On 5/17/97, Steve Jamar <sjamar[_at_]law.howard.edu> wrote:
>
> David Post <postd[_at_]erols.com> wrote:
> >
> > I've asked this before, but I'm not sure I've ever gotten a response
> > (maybe I should assume it's a stupid question?!). In all the discussion
> > of 'implied licenses' with respect to copying and display of Web page,
> > I've never seen a discussion of the methodology one would use (or a court
> > should use) to determine whether or not a license is in fact implied (and
> > what its scope might be). If you're the judge hearing the TN case, how
> > would you go about answering this question?
>
> First, I would learn the technology to see how it works. If the
> technology requires or is dramatically more effecient and useful with
> certain types of copying, I would tend to rule that anyone using that
> technology takes the technology as it is. Then I would see how users
> actually use it -how does the software work, what do users expect,
> what actually is happening. If "everyone" does it a certain way and
> expects it a certain way and the technology really works best or at
> least better that way, I would tend to find the implied license.
>
> As to scope: harder question involving the factors noted above and
> balancing policies of wide dissemination and IP protection - public
> policy issues as to where to draw the line and technological issues
> as to what lines may make sense as practicable and workable.
>
> To vague maybe? I suppose I would need the real case to sharpen it -
> and critique from the experts on this list.

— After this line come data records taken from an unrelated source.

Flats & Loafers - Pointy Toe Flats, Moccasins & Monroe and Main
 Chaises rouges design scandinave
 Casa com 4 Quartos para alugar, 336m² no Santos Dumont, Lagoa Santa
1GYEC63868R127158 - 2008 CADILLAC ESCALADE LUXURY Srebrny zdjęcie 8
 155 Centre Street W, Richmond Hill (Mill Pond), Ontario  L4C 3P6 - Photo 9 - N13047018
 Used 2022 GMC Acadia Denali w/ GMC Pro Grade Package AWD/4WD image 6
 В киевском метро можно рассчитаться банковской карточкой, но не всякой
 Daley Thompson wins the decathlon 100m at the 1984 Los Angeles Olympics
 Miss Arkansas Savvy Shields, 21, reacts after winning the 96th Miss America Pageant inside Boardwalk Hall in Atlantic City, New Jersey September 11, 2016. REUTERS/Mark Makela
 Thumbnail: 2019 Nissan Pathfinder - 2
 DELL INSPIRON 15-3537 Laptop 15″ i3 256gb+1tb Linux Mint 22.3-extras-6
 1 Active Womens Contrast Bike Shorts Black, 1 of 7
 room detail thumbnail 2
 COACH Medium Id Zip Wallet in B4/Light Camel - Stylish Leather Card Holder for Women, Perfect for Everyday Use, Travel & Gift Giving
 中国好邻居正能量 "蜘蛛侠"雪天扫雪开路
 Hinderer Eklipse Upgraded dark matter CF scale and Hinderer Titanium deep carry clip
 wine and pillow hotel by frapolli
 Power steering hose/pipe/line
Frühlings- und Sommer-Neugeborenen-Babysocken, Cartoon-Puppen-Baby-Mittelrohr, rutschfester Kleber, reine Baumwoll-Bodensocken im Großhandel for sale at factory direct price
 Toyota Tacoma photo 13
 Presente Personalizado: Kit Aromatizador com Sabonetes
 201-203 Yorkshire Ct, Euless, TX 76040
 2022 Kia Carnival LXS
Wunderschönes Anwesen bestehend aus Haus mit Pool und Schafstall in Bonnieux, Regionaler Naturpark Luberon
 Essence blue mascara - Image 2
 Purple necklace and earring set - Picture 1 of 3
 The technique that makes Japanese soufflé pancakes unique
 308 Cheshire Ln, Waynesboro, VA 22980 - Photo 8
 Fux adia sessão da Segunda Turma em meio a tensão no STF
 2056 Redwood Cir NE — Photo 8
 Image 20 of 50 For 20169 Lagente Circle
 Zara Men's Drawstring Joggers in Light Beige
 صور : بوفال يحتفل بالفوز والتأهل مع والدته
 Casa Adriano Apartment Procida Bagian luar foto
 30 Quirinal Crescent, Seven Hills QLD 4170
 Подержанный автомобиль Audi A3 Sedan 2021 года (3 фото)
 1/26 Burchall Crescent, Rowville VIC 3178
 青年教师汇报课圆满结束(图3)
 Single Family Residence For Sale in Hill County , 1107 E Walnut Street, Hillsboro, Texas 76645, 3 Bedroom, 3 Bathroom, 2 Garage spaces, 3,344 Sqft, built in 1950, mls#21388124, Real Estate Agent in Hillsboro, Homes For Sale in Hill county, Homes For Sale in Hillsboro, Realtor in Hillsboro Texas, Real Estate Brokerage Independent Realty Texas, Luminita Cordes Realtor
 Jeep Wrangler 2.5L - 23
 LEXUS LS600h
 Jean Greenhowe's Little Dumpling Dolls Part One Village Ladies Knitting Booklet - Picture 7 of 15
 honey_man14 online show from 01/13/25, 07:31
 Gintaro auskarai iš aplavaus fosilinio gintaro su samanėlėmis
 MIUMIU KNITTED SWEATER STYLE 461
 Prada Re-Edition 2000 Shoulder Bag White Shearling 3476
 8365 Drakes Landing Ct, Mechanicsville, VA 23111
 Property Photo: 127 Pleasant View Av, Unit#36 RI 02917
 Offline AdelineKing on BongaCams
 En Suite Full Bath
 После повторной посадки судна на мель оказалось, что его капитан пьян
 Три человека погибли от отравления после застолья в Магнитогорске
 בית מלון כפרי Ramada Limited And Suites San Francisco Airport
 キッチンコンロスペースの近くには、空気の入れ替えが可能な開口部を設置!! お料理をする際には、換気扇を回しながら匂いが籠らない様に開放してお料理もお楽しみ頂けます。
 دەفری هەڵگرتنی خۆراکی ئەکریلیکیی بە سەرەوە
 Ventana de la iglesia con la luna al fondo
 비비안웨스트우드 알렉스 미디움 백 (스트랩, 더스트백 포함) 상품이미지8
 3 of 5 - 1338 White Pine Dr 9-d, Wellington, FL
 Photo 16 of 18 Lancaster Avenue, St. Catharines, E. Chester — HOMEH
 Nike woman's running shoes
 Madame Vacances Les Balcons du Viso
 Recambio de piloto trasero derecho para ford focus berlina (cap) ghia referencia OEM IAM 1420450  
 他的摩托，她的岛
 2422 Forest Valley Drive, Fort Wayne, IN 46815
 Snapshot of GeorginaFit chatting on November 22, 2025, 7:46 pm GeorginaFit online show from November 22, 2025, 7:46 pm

I will repeat Steve's "look at the technology". A client sends a request to a server: "Give me a copy of foo.html. I am an IE at nowhere.tdl." The server then squits out a copy of foo.html and the transaction is complete at that point. I would say that ,at the very least, the server has licensed the requester to do basic browser things: put it in local cache, display on screen according to the kind of browser and optional settings, including the use of frames, bookmark, click on any indicated links, use the "back" and "go" buttons to return to the site later. Because virtually any browser can do these things, any implied license would have to include them. Custom and widespread useage may, over time, make the license even broader.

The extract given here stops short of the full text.